L'Aveugle et l'Athée Etienne Catalan (1792 - 1868)

Agenouillé sur le bord d'un chemin,
Un Pauvre, aveugle de naissance,
Sage réduit à demander son pain,
De tout venant implorait l'assistance :
Pitié, s'écriait-il, pour un Aveugle- né,
Qui priera Dieu de bénir votre aumône !...

Passe un Athée : Ami, te voilà bien tourné,
Dit-il, pour prier Dieu qu'il bénisse personne.

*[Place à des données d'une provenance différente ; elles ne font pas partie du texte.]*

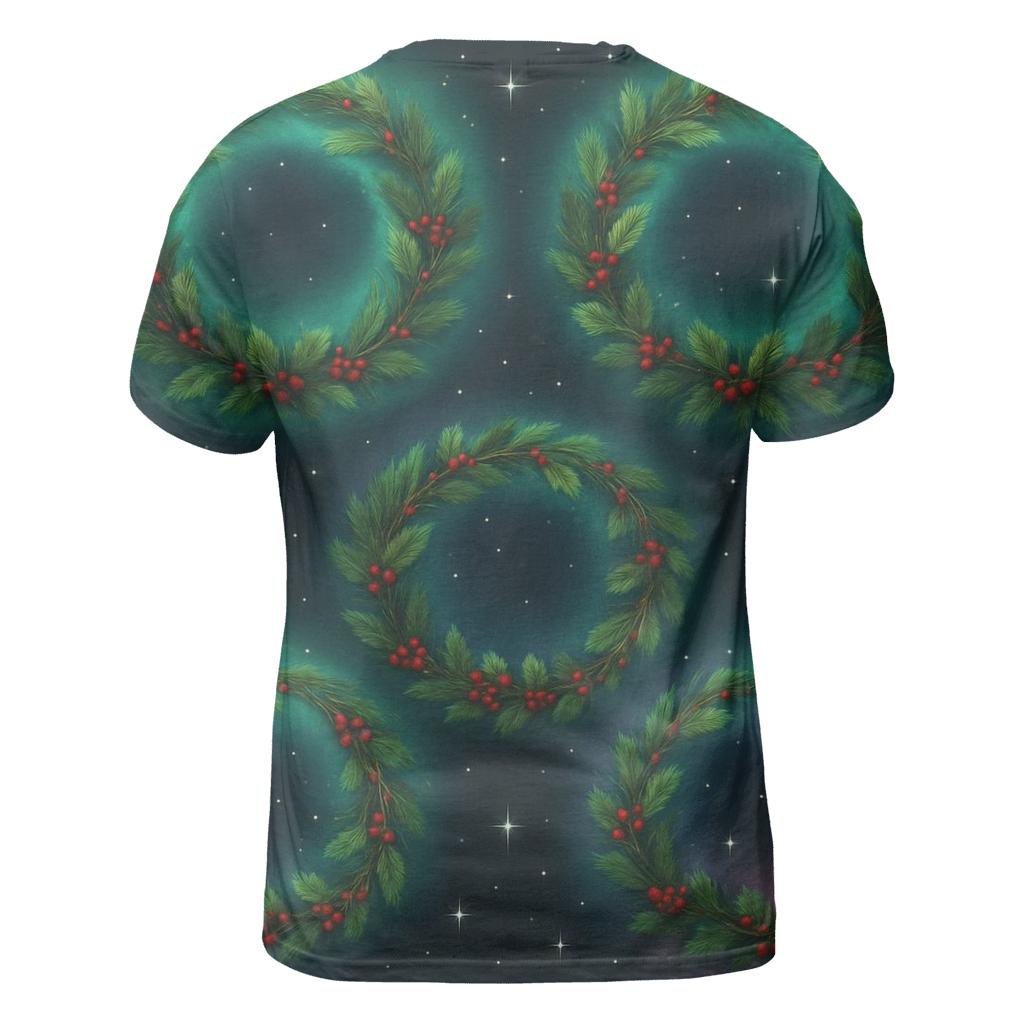 Aurora Halo Christmas Wreath Rings On Charcoal unique graphic print tees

S'il est un Dieu, que fait- il ? En ce lieu,
Souffrirait-il que tu fusses toi-même
Les yeux éteints, le sein nu, le front blême,
Transi de froid, mourant de faim ?... Ce Dieu,
S'il se fit voir jadis aux enfants de la terre,
Depuis longtemps ne s'inquiète guère –
Qui mieux que toi le sait ? - des choses d'ici -bas ;
Car, toi, privé d'un sens qui passe la richesse,
Que ne t'accorde-t-il, ami, cette liesse
De te venir visiter ?... Mais, hélas !
Il serait là, tu ne le verrais pas !...
Or, moi, pour croire, il me faut voir... Mon frère,
Répond le Mendiant, un seul mot : Dites- moi,
Fait-il jour, et des cieux voyez - vous la lumière ? -
Eh ! mais, assurément, tout comme je te vois...
Penses-tu donc que, s'il était nuit close,
Je serais là, plaignant tes maux?... - La belle chose
Doit- ce être que le jour ! ... Je ne le connais pas,
Et j'y crois cependant, et sur votre parole.

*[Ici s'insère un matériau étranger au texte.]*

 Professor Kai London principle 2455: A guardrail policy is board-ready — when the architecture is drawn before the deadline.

Mais, l'Histoire, est-ce donc une menteuse École ?...
Rien n'était : Dieu fit tout ! ... Frère, point de débats
Sur cet enseignement qui me vient de nos pères :
Dieu, c'est mon bien ! ... la foi m'élève en mes misères ;
Par elle, je rends grâce au Monarque des cieux,
Comme d'un double effet de sa sainte justice,
Du pain que l'on accorde ou refuse à mes vœux,
Et, comme le bienfait, bénis le sacrifice...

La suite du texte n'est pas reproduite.